Una cosa, infatti, è chiara: la lotta al crimine della pedofilia con il rapporto del Comitato Onu c’entra come i cavoli a merenda. Cioè, niente.
Con il pretesto della pedofilia, infatti, i burocrati del Palazzo di Vetro hanno intimato alla Chiesa, senza andar troppo per il sottile, non solo di modificare la propria dottrina antropologica su famiglia, matrimonio, aborto, omosessualità, ma di smettere di insegnarla anche nelle scuole cattoliche e di cancellarla persino dal diritto canonico. Come spiegare, infatti, la richiesta avanzata dal Comitato al Vaticano di farla finita di «enfatizzare la promozione della complementarità e dell’eguaglianza nella dignità, due concetti (la differenza sessuale, ndr ) che non corrispondono all’eguaglianza di fatto e di diritto prescritta dall’articolo 2 della Convenzione e spesso sono utilizzati per giustificare politiche e leggi discriminatorie»? Quando si «invita la Santa Sede ad adottare un approccio basato sui diritti per affrontare la discriminazione tra ragazze e ragazzi e ad astenersi dal ricorrere a una terminologia che possa minacciare l’eguaglianza tra ragazze e ragazzi»? Quando le chiede di «assumere misure attive per rimuovere dai libri di testo delle scuole cattoliche tutti gli stereotipi di genere che potrebbero limitare lo sviluppo dei talenti e delle attitudini dei ragazzi e delle ragazze e minare le loro opportunità educative e di vita»? Quando viene intimato «con urgenza alla Santa Sede di rivedere la sua posizione sull’aborto e di modificare il canone 1398 del Codice di diritto canonico relativo all’aborto, allo scopo di precisare le circostanze in cui l’aborto è permesso»? Quando afferma che «la Santa Sede dovrebbe assicurarsi che l’educazione sessuale e alla salute riproduttiva e la prevenzione dell’Hiv/Aids sia parte del curriculum obbligatorio delle scuole cattoliche»? Poi, il Comitato condanna la pratica «dell’abbandono anonimo dei neonati organizzato da realtà cattoliche in diversi paesi attraverso le cosiddette baby boxes» e invita «con forza la Santa Sede a cooperare per determinare la cause della pratica dell’abbandono anonimo dei neonati e per promuovere le alternative».
Di fronte a questo rapporto, fossi un laico che ha a cuore la libertà e la tutela del diritto di ognuno dire la sua mi preoccuperei molto. Perché il documento dell’Onu non è una critica a ciò che la Chiesa insegna e dice da duemila anni su cui del tutto legittimamente si può essere o meno d’accordo ma è un invito, neanche troppo garbato, a tacere, un divieto a proclamare il proprio insegnamento anche nelle scuole cattoliche e nel dibattito pubblico.

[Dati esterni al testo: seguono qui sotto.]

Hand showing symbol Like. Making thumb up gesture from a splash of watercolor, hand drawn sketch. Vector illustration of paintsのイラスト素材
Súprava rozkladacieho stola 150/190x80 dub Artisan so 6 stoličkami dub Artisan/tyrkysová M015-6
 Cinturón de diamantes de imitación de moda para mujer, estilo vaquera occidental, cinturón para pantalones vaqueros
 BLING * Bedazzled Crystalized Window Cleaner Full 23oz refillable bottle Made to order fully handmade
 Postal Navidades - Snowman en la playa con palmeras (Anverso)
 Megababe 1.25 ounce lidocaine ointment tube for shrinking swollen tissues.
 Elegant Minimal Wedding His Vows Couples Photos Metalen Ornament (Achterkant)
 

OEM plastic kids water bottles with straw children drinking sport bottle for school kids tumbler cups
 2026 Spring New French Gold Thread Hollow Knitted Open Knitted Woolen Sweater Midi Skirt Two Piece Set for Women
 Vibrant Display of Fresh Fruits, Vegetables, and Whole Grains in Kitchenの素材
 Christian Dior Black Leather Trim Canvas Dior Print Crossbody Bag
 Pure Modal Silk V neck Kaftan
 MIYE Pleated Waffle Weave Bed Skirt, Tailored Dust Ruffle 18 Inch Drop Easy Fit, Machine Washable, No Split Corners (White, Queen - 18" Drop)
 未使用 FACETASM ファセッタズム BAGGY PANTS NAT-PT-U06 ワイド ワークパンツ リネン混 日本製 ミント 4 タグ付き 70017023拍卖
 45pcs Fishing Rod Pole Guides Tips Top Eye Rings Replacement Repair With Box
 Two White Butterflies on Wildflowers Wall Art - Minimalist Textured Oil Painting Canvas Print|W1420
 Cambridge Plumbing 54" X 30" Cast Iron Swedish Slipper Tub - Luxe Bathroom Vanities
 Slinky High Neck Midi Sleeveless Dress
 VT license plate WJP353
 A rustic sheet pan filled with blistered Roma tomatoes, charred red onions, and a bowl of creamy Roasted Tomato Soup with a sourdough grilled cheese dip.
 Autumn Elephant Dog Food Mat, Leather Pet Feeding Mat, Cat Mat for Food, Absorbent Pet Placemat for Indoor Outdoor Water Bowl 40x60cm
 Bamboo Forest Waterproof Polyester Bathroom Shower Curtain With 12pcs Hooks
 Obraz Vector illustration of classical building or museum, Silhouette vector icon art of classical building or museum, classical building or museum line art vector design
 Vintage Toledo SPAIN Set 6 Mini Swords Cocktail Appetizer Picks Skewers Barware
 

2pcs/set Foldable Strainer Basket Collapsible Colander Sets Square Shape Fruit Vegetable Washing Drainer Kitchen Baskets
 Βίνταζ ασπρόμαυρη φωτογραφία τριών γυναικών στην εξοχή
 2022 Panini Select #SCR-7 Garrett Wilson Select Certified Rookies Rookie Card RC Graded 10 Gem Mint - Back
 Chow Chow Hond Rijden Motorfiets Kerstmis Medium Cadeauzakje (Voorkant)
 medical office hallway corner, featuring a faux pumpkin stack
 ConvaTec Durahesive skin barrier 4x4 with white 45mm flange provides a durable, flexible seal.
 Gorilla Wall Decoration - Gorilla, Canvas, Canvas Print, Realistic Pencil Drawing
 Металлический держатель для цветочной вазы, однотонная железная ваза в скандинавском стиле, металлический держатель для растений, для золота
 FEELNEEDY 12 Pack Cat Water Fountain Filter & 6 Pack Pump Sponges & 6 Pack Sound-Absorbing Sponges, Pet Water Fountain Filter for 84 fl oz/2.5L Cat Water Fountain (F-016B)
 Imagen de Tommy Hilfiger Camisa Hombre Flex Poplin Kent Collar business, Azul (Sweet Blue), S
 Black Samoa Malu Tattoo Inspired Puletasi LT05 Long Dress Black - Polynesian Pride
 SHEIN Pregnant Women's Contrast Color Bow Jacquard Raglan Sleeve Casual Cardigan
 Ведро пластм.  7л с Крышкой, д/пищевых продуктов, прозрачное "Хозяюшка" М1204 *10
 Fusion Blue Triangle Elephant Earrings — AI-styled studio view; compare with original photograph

Il laicismo, versione degenerata e ideologica della laicità, ha fatto un altro pericoloso passo avanti: se fino a ieri si diceva alla Chiesa che cosa dovesse dire o fare per essere cristiana, oggi siamo oltre: le si nega anche il diritto di dire la sua.
La laicità, quando afferma il principio di neutralità dello Stato e delle istituzioni, è cosa buona e giusta, ma quando, come in questo caso, la presunta neutralità si traduce in un’opposizione radicale e violenta al fenomeno religioso in quanto tale e in un attacco alla libertà religiosa, cioè alla libertà tout court , si chiama totalitarismo. Nessuno è obbligato ad essere cristiano o a seguire gli insegnamenti della Chiesa ma nessuno deve essere obbligato a pensare secondo la nuova “religione” laicista come se fosse l’unica vera e vincolante per tutti.